To do: The entries that follow should come back exactly, with no pictures among them.
____________
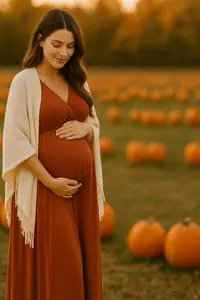 Pregnant woman in a rust maxi maternity gown with a cream shawl standing in a pumpkin patch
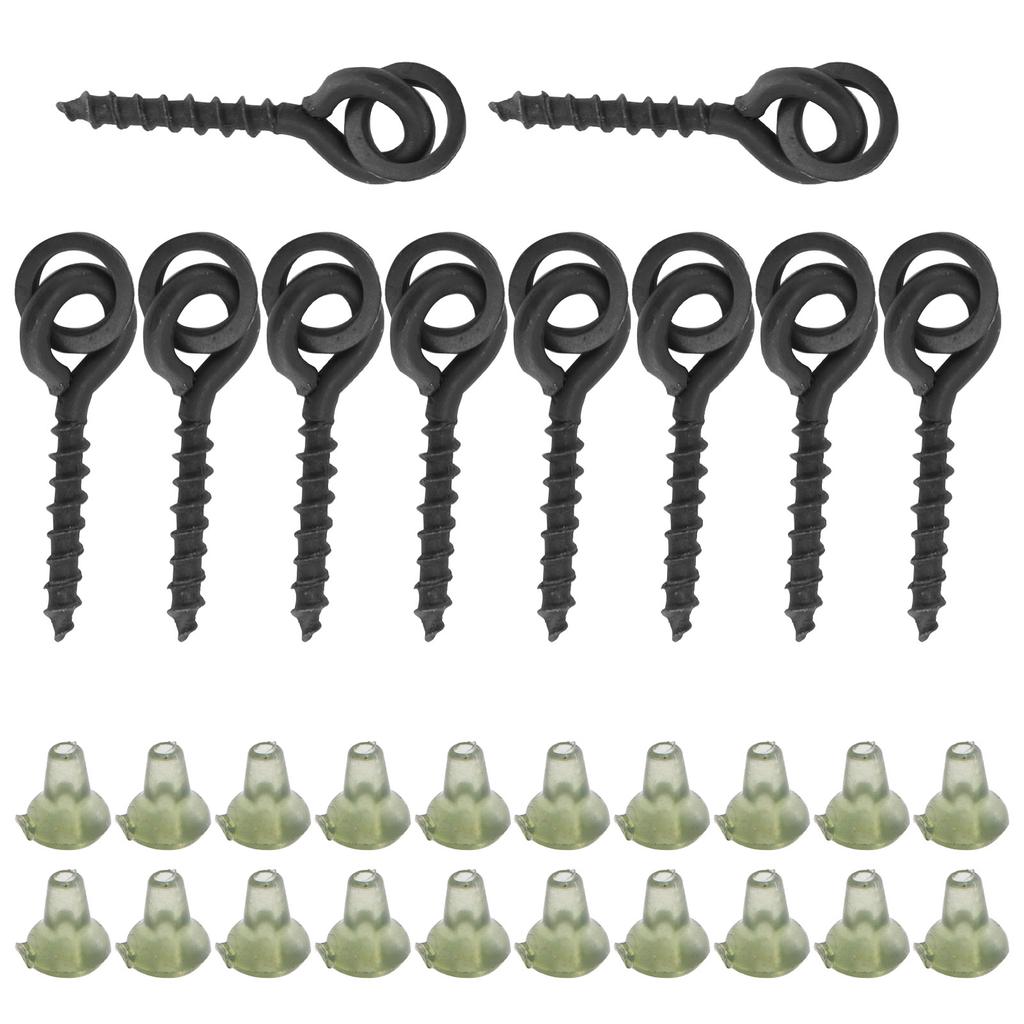 10Pcs Bait Screws with 20pcs Oval Rings Carp Rig Ring Stops Carp Fishing Tackle Hook ScrewGreen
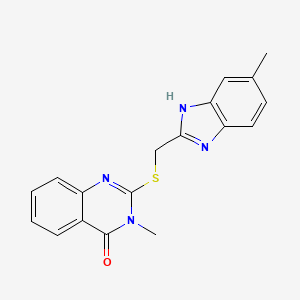 molecular formula C18H16N4OS B5243147 3-methyl-2-{[(6-methyl-1H-benzimidazol-2-yl)methyl]thio}-4(3H)-quinazolinone 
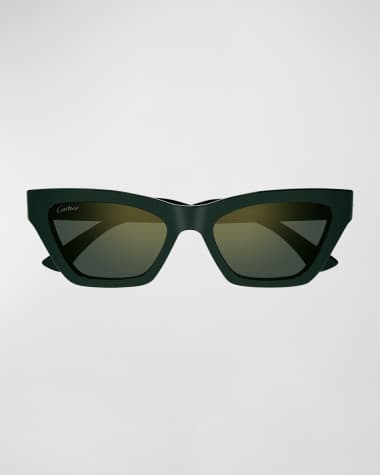 Cartier Logo Acetate Cat-Eye Sunglasses
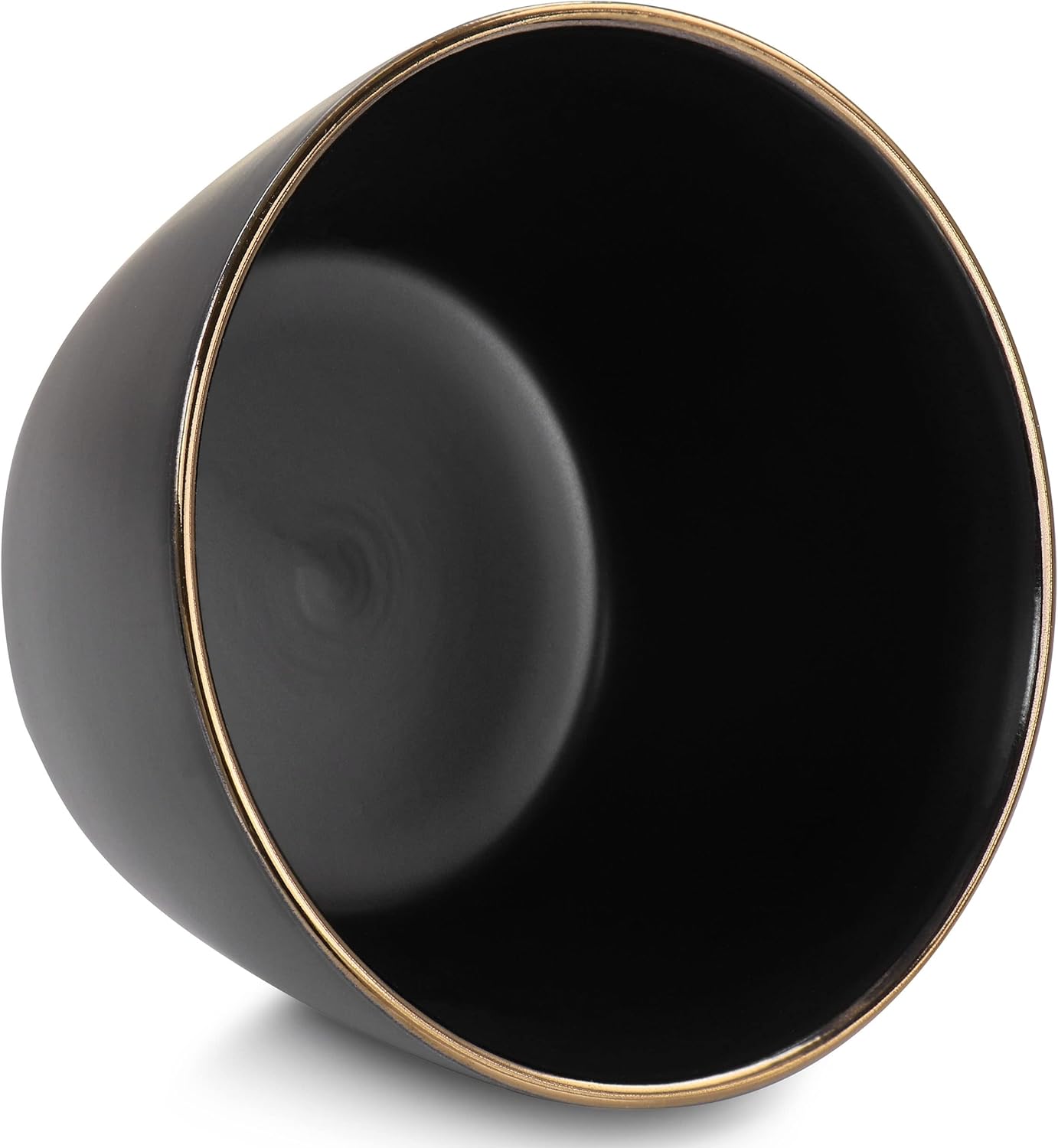ELAMA 6-Piece Stoneware Bowl Set with Gold Rim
____________
Solution below:
 Pregnant woman in a rust maxi maternity gown with a cream shawl standing in a pumpkin patch
 10Pcs Bait Screws with 20pcs Oval Rings Carp Rig Ring Stops Carp Fishing Tackle Hook ScrewGreen
 molecular formula C18H16N4OS B5243147 3-methyl-2-{[(6-methyl-1H-benzimidazol-2-yl)methyl]thio}-4(3H)-quinazolinone 
 Cartier Logo Acetate Cat-Eye Sunglasses
ELAMA 6-Piece Stoneware Bowl Set with Gold Rim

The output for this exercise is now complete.